GPU fragment programs

On machines with graphics chips that support fragment programs, Graphing Calculator on Mac OS X will compile equations for surface color and clipping into OpenGL shaders which run on the GPU. This leads to both higher quality and much faster rendering, since the GPU evaluates the equation at each pixel and has hardware to do so in parallel while rendering the surface. (On machines with older graphics cards, Graphing Calculator evaluates the equations on the CPU once per vertex, rather than once per-pixel. It would be much too slow to do per-pixel function evaluations on the CPU.)

The images below link to pages showing the fragment programs used in drawing the images, and linking to the Graphing Calculator documents which created them. You can download Graphing Calculator Viewer here to open these documents.

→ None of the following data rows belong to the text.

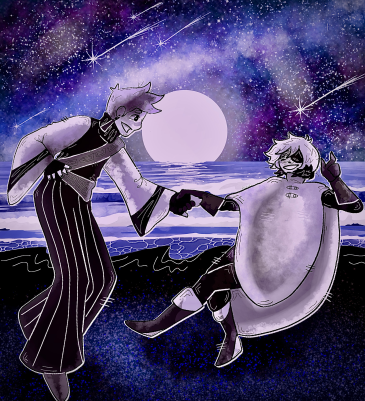 A digital drawing of monochrome Isabeau and Siffrin from the game In Stars and Time hold hands while they dance in front of a vibrant blue starry sky and meteor showers, standing on a beach with lapping blue tides.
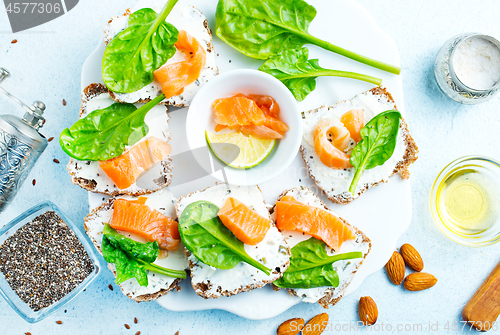 Image of bread with cheese and salmon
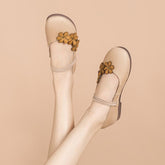 Handgemachte flache Mary Jane Blumen Runde Spitze Aprikose/Grün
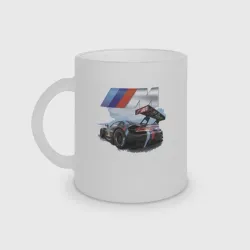 Кружка матовая стеклянная BmW m power motorsport Racing Team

Some of these documents show shaders which act as computed textures. The color of the surface is given explicitly as a mathematical function of x, y, and z in Graphing Calculator. Others show shaders which act as a generalization of OpenGL clip planes. Rather than defining the clipping function by giving the equation of a plane, however, Graphing Calculator allows for an arbitrary mathematical inequality to specify which fragments are clipped.

To output the fragment program generated from the equation, select the equation and hold the option key down while choosing "Copy As Shader" from the Edit menu.

If the documents below do not produce the same results on your computer, the graphics chip probably does not support fragment programs.

If you've created any documents using this feature to share with other users, please send them to me at .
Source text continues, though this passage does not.